STORED DATA:
== Segment start ==

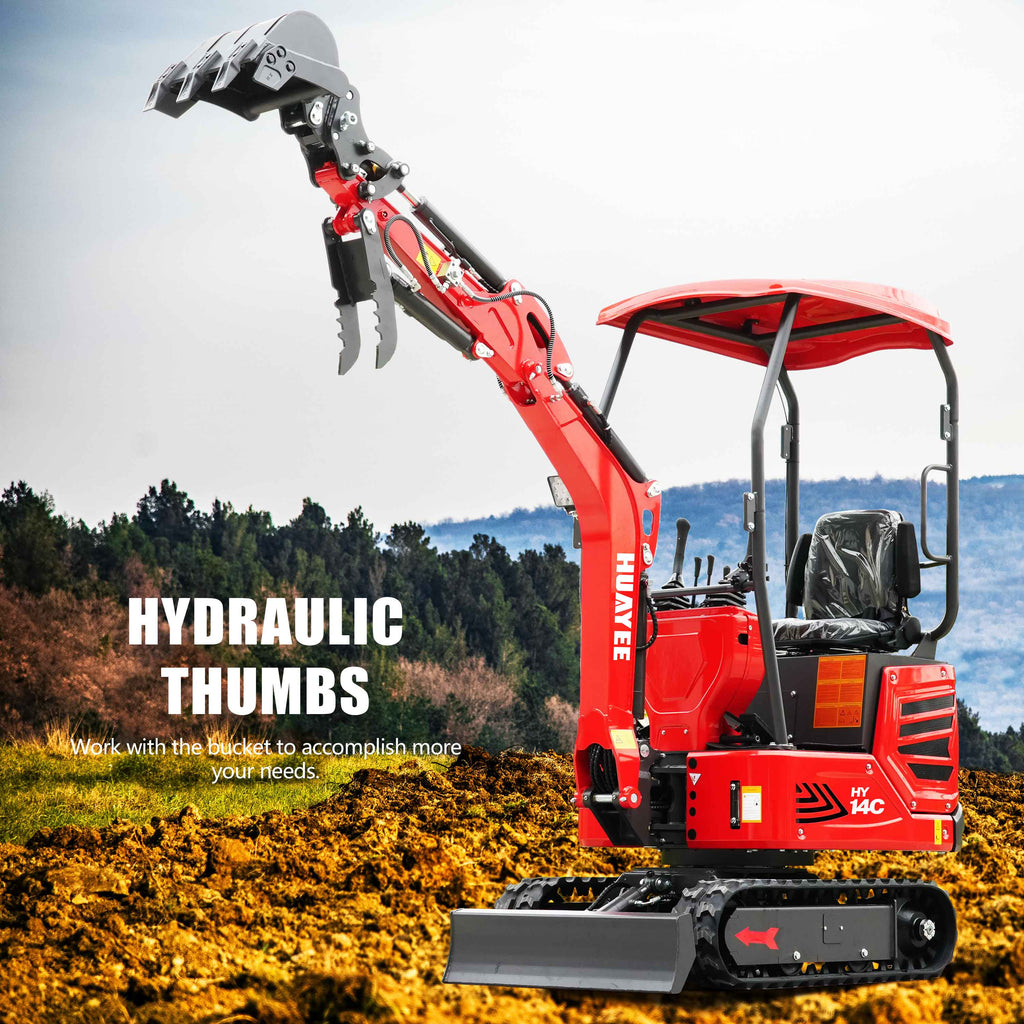 HUAYEE HY14C | Mini Excavator with Hydraulic Thumb & Side Swing Boom - 13.5hp B&S Engine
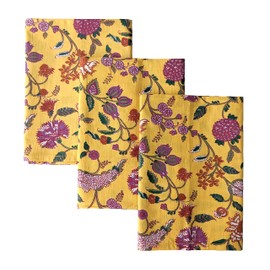 Craftbot 100% Cotton Decorative Kitchen Towels - Set of 3 Dishcloths - 19 x 27 inches - Yellow Floral Kitchen Towels - Absorbant Dish Towels for Dryng Dishes - Indian Block Print Cute Tea Towels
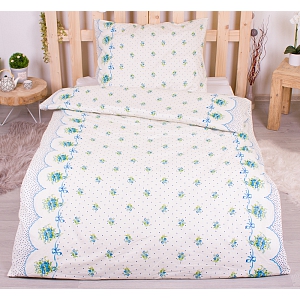 Krepové povlečení STANDARD 140x200+70x90 Bouquet modrý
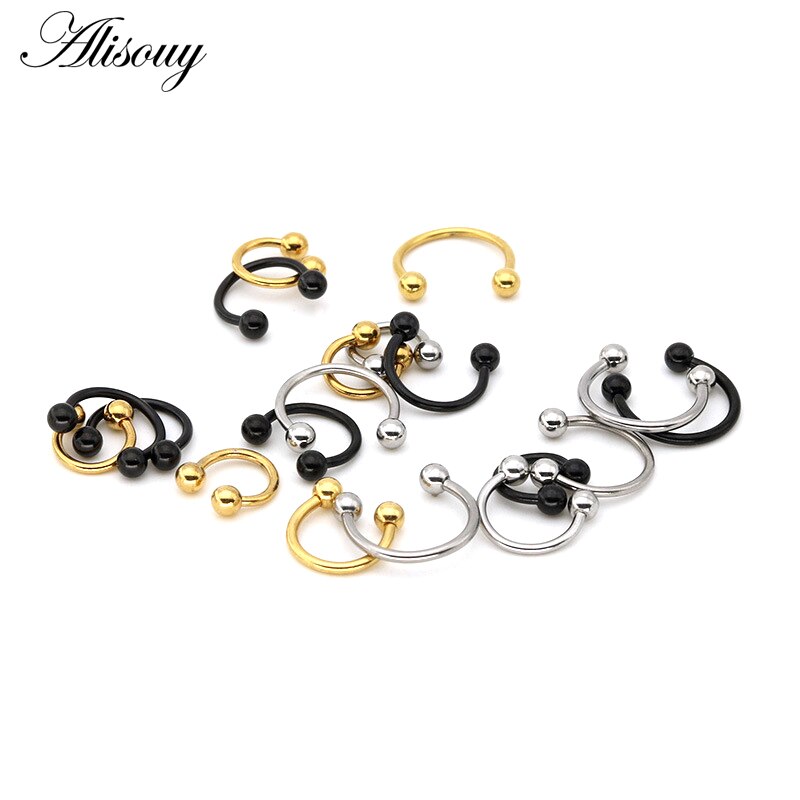 Alisouy 2Pcs 16G Anodized Circular Barbell Ring Nose Hoop Ear Cartilage Tragus Piercing Labret Ring For Unisex Jewelry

== Segment end ==

EXERCISE BRIEF:
Restate word for word only the lines from the one with "Craftbot 100% Cotton" through the last line of the material, both included. Any picture should be left out.

REPLY:
 Craftbot 100% Cotton Decorative Kitchen Towels - Set of 3 Dishcloths - 19 x 27 inches - Yellow Floral Kitchen Towels - Absorbant Dish Towels for Dryng Dishes - Indian Block Print Cute Tea Towels
 Krepové povlečení STANDARD 140x200+70x90 Bouquet modrý
 Alisouy 2Pcs 16G Anodized Circular Barbell Ring Nose Hoop Ear Cartilage Tragus Piercing Labret Ring For Unisex Jewelry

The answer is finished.